Complete the following problems, worth a total of 10 points. Points for each question are shown below for ISE483 and SSIE583.
Please summarize your answers in one document file (.doc,.pdf)
including pictures. Organize this document well, make it clear which
questions you are answering and provide appropriate labels where you
can. Submit your well-documented code as separate python files. Also,
mention in your summary document the names of the relevant python files
for each question.
Please submit your well-documented code as separate python files, one for each answer. For the Eureqa question, attach the '.fxp' file containing your work. Summarize your answers in a PDF document including
figures, if any. Organize this document well, clearly indicating the question being answered and the respective Python file name(s). Upload all files into the 'Assignment 5' folder in Brightspace.
[2 points][1 point]The basics: Read Lab slides and class lecture 18. Formalize the
Ant Clustering Algorithm (ACA) in pseudo-code or in words. Give detailed instructions for calculating the 'perceived
fraction of items' f and the interactions of each ant with its environment (pickup, move, drop-off of material). This is only a warm-up exercise and is not asking you to solve any particular problem using ACA.
[3 points][3 points] Grooming an ant colony: Implement a
2-dimensional grid-world with wrap-around borders just like the cellular automata from lab3 (only, it is 2-dimensional now). Randomly place a few 'dead ants' on it (simply fill the cells of the world containing dead ants with a particular color). Now, randomly place a few 'living ants' on the world.
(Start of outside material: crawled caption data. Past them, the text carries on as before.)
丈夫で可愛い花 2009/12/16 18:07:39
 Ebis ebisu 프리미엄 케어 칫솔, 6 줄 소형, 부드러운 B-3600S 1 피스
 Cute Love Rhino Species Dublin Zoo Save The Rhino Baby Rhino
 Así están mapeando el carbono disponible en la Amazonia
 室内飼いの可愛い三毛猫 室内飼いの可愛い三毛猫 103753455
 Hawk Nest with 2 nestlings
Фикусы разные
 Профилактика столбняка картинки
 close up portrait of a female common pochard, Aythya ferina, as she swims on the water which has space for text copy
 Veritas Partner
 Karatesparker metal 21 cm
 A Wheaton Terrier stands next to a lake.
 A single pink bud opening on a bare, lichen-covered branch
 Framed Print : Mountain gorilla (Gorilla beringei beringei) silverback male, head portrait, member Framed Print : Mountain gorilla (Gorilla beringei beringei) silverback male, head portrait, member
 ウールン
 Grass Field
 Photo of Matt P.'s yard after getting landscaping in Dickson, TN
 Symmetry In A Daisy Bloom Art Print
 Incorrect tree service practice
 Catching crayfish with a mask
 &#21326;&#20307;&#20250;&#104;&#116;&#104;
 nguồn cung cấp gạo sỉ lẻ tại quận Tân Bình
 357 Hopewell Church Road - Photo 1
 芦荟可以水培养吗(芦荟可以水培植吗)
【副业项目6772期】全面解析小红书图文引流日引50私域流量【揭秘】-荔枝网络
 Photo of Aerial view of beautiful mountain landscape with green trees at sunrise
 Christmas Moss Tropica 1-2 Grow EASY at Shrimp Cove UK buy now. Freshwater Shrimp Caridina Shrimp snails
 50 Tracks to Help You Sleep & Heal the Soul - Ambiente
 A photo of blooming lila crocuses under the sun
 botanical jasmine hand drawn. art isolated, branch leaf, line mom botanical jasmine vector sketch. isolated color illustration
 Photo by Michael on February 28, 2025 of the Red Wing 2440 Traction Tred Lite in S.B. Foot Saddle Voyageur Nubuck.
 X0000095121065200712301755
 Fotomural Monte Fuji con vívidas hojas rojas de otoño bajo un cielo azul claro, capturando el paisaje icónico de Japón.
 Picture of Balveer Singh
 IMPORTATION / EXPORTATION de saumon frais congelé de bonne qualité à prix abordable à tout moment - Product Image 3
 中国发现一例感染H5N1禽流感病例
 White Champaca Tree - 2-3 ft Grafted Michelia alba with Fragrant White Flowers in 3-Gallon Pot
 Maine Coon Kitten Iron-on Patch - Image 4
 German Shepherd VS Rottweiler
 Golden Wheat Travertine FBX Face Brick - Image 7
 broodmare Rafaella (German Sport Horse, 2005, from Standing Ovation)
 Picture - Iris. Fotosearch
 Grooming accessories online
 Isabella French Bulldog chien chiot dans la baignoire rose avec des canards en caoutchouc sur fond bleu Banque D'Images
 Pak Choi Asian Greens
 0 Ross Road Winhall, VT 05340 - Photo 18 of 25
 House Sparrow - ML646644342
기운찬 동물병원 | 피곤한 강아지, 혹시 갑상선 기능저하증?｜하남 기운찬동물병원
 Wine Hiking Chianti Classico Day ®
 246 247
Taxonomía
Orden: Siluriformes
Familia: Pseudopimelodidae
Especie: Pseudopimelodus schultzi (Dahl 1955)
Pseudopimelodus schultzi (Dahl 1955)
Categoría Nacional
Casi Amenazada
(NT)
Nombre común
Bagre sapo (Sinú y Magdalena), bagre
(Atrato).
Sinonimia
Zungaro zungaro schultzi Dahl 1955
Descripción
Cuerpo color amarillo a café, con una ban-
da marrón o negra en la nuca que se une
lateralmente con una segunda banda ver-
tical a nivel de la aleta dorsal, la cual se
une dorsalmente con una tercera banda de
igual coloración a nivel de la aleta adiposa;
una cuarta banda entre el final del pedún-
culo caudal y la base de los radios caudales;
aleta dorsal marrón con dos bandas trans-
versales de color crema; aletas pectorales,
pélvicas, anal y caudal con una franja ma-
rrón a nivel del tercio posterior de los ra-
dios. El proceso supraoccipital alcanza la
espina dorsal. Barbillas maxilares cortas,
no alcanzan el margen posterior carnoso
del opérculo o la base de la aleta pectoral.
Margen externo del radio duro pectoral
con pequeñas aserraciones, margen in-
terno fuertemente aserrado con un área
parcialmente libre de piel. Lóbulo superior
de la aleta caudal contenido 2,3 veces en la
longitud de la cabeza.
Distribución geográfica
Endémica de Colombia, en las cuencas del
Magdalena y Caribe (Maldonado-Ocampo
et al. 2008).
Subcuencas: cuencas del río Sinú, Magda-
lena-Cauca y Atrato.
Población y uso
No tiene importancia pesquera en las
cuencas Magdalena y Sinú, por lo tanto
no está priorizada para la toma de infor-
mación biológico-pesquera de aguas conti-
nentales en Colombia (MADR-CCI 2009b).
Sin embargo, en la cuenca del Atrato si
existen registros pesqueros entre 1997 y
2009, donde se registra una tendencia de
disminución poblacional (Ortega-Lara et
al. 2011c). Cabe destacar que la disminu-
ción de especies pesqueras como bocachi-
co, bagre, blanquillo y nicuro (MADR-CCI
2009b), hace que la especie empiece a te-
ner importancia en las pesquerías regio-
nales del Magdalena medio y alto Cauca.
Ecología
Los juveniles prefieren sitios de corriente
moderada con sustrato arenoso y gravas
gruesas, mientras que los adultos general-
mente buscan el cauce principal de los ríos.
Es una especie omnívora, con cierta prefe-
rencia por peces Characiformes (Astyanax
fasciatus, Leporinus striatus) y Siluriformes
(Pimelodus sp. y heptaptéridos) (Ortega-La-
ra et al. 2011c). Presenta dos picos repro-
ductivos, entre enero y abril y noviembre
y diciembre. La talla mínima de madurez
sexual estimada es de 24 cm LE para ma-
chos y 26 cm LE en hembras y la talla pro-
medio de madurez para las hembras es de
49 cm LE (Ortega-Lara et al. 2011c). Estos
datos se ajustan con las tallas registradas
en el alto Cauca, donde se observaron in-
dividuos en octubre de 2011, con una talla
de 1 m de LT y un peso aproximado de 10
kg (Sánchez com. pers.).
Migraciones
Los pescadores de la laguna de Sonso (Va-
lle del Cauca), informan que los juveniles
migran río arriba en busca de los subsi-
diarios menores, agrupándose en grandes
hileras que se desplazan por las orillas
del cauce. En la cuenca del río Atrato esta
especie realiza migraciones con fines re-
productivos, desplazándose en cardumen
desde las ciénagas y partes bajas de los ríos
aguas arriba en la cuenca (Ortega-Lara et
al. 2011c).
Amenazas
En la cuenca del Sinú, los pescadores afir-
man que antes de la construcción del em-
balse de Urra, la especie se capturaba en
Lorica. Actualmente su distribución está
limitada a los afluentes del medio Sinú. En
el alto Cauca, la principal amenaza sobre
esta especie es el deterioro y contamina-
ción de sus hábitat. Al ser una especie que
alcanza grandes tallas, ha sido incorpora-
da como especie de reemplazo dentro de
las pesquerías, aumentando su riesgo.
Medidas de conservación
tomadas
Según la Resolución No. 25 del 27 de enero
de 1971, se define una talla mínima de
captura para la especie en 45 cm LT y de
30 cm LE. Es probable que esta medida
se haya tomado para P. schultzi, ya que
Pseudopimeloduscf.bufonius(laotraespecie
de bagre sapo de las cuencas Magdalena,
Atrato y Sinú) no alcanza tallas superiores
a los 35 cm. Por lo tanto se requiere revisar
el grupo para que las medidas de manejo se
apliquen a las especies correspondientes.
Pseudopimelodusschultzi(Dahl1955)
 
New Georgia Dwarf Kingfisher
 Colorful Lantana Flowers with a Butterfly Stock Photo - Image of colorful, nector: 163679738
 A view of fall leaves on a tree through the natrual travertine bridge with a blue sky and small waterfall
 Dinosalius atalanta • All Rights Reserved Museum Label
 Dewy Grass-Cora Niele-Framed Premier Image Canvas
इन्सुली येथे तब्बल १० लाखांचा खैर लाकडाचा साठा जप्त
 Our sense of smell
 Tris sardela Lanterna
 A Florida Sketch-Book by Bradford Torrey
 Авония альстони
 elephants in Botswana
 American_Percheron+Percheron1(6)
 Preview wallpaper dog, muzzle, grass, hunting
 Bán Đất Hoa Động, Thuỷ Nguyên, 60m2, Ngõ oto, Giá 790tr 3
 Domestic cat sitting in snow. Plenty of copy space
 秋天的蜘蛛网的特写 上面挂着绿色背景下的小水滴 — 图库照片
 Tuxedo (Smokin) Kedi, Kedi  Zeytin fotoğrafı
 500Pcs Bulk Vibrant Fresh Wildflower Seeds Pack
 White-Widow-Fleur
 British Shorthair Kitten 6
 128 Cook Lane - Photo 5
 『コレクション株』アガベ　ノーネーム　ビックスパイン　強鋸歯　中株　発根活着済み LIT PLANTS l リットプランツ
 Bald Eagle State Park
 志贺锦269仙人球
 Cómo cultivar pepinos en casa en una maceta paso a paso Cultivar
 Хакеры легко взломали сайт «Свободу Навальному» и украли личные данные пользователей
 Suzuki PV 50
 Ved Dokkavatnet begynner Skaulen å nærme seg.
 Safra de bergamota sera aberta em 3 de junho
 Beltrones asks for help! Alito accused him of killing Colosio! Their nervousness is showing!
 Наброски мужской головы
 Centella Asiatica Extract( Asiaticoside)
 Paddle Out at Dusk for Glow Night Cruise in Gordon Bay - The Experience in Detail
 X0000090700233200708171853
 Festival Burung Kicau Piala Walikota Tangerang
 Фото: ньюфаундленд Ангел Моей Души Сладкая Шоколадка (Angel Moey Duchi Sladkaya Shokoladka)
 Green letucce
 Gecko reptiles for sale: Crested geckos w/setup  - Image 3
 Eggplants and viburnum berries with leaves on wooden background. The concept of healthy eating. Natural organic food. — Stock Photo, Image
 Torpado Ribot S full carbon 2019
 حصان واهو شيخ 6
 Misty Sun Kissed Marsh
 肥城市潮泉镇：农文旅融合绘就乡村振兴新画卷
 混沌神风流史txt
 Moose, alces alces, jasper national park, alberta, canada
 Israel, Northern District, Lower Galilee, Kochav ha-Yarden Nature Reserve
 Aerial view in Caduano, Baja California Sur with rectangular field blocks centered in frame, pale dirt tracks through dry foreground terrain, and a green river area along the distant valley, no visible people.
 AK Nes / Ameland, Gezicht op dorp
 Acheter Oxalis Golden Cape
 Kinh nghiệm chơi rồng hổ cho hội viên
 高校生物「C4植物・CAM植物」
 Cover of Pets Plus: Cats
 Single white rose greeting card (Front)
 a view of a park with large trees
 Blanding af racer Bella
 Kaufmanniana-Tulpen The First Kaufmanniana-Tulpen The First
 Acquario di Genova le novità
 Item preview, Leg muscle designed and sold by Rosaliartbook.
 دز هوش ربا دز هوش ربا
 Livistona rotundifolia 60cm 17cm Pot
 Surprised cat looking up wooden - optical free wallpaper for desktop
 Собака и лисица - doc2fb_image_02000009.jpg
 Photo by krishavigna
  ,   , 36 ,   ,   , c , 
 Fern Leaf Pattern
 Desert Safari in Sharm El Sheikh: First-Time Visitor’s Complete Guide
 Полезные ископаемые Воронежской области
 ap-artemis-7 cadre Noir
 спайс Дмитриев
Your objective is to have the live ants cluster together the dead ants using ACA. Define a neighborhood size for each living ant; the immediate neighborhood of 9 cells (3x3 square) is a good choice. Compute f, as the fraction of dead ants perceived by a living ant in its neighborhood, which is a value between 0 and 1. Implement equations (5.11) and (5.12) that define the pick-up and drop-off probabilities. Choose values for k1 and k2 so that they are neither too large nor too small when compared to the range of f. Run your ACA for many iterations and watch the ant colony getting groomed. How many clusters do you see? Tune the above parameters until you are satisfied with the results.
For a particular parameter choice, rerun your program a few times starting from different initial conditions. Report your parameter choices and the corresponding results. You can use our sample code that draws a rectangular grid-world, and randomly places a few dead ants and live ants on it.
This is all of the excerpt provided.